Canadian Fossil Discovery Centre staff are looking forward to 2018. (LAUREN MACGILL, Morden Times)
The Canadian Fossil Discovery Centre saw another record year in 2017 with a significant increase in visitation.
Visitation rose to nearly 13,000 people, a 7 per cent increase from 2016 and double the attendance of 2013.
Executive director Peter Cantelon said the increase is encouraging to see, especially in today’s environment. “Museums and art organizations have struggled, not just provincially or nationally but globally,” he said. “We’re in a more restrained funding environment. People are not necessarily traveling as much as they would, so we’re really happy to see that kind of growth.”
In the past 20 years, CFDC has seen almost 158,000 people pass through its doors, which translates to more than $9 million in tourism revenue, which goes right back into the local economy.
More than 85 per cent of visitors to CFDC were from outside of the region, which covers the Morden/Winkler area and the R.M. of Stanley and Thompson. The past year alone saw visitors from 47 countries, 38 American states, every Canadian province and one territory.
Cantelon said it has to do with focused communication. “We’ve spent the last few years making sure people are aware that we’re here,” he said. “That’s the biggest battle, ensuring that there’s some acknowledgement of the uniqueness of the Fossil Discovery Centre.”
“It’s not a matter of people going ‘We don’t want to visit the CFDC because we don’t think it’s interesting,’ it’s a matter of people finding out it exists and wanting to be down here,” he added.
Cantelon hopes visitation will continue to rise, and added that the museum could be seeing more people.
“We’ve done enough demographic research based on other facilities like ours in similar population regions to know that if we were firing on all cylinders and our message was penetrating the market effectively, we should be seeing somewhere in the range of 60,000 visitors annually.”
2017 also saw the addition of another roadside attraction. Built by Morden resident and sculptor Adolfo Cuetara, the turtle bookends the west side of Morden. CFDC held a naming contest and after receiving hundreds of suggestions, the giant archelon turtle has been dubbed Archie.
CFDC also established the Dr. Elizabeth ‘Betsy’ Nicholls Award for Excellence in Paleontology, unveiled a new seven metre Allosaurus exhibit, and rolled out two mobile apps to enhance the visitor experience.
Cantelon said 2018 will bring some new things to the museum. “That’s one of the things that continues to bring people back,” he said. “We don’t just want new visitors, we want people to return.”

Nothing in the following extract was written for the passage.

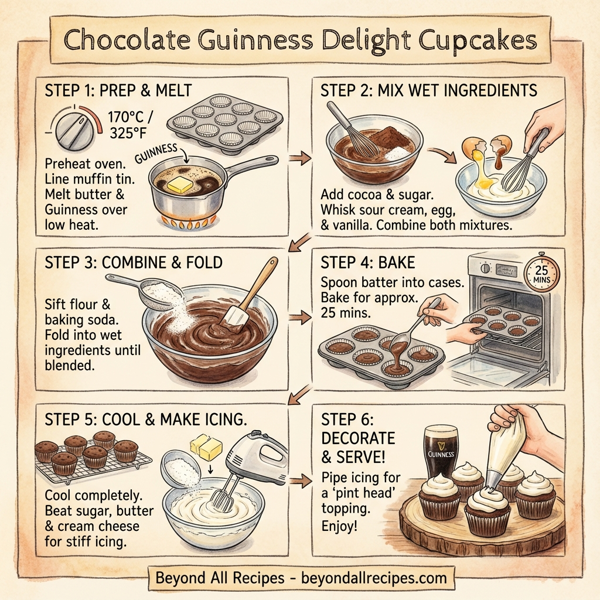 Chocolate Guinness Delight Cupcakes instructions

CFDC admission prices will not be rising, and Cantelon said they will continue to add value to each visit. “We’re going to explore new digital projects,” he said. “We have one, possibly two very significant new exhibits coming in 2018 as well as additional changes to exhibits. Programming is being broadened so we can involve more people of different ages. There’s so much that we’re excited for in 2018.”